-- SOURCE DATA --

_____

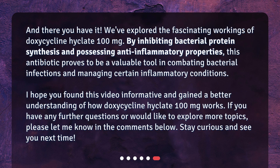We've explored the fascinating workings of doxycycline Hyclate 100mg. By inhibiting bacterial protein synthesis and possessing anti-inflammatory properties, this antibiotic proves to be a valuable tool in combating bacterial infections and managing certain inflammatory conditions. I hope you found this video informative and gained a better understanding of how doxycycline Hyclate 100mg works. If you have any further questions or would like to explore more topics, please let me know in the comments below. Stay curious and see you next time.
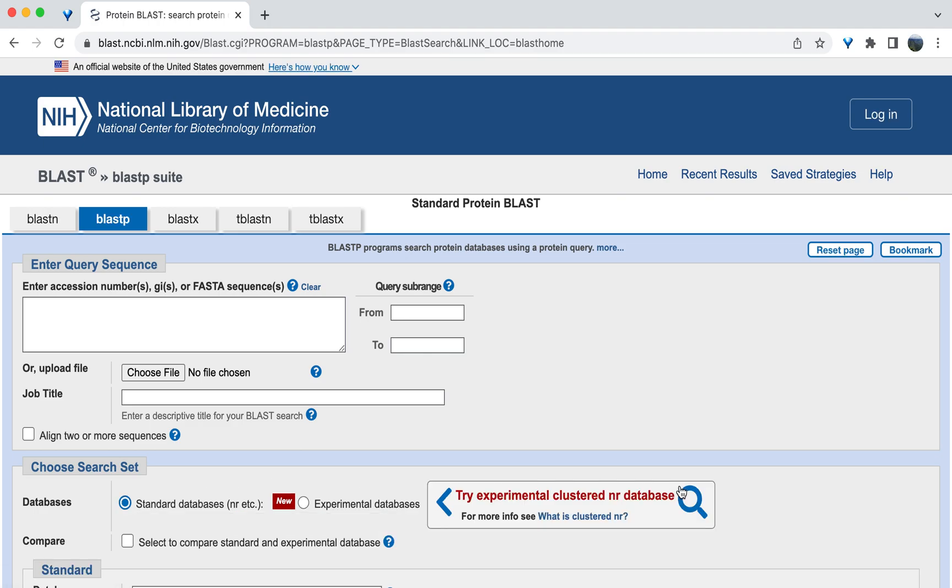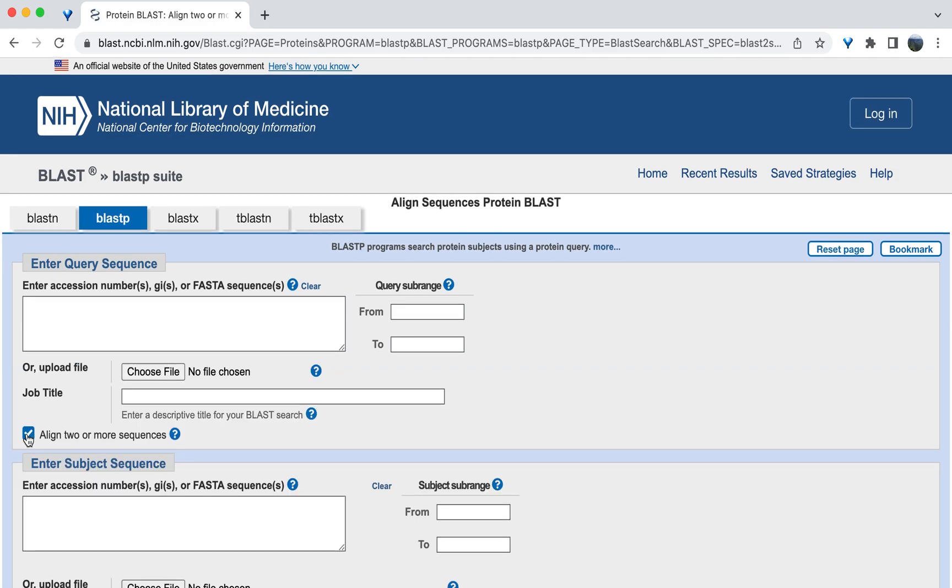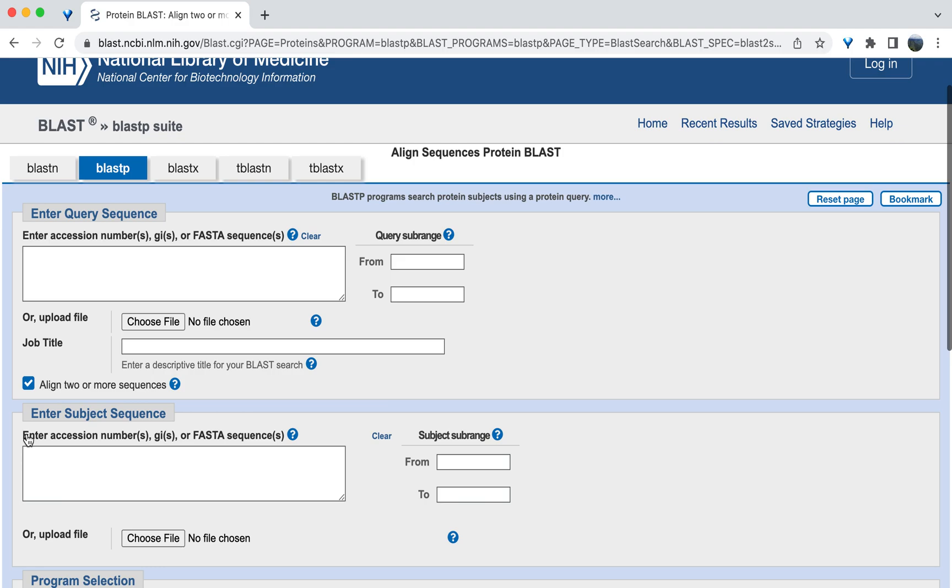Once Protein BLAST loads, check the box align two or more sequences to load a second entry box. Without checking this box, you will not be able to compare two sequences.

_____

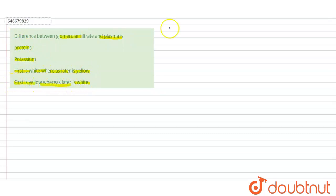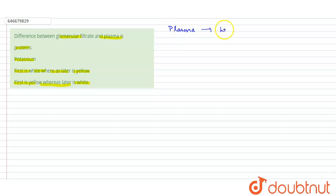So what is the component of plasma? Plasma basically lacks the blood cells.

_____

-- WORK ORDER --
Output only the lines above from the line that holds "We've explored the" through the line that holds "Once Protein BLAST", both ends included, and exclude pictures.

-- REPLY TO THE TASK --
We've explored the fascinating workings of doxycycline Hyclate 100mg. By inhibiting bacterial protein synthesis and possessing anti-inflammatory properties, this antibiotic proves to be a valuable tool in combating bacterial infections and managing certain inflammatory conditions. I hope you found this video informative and gained a better understanding of how doxycycline Hyclate 100mg works. If you have any further questions or would like to explore more topics, please let me know in the comments below. Stay curious and see you next time.
Once Protein BLAST loads, check the box align two or more sequences to load a second entry box. Without checking this box, you will not be able to compare two sequences.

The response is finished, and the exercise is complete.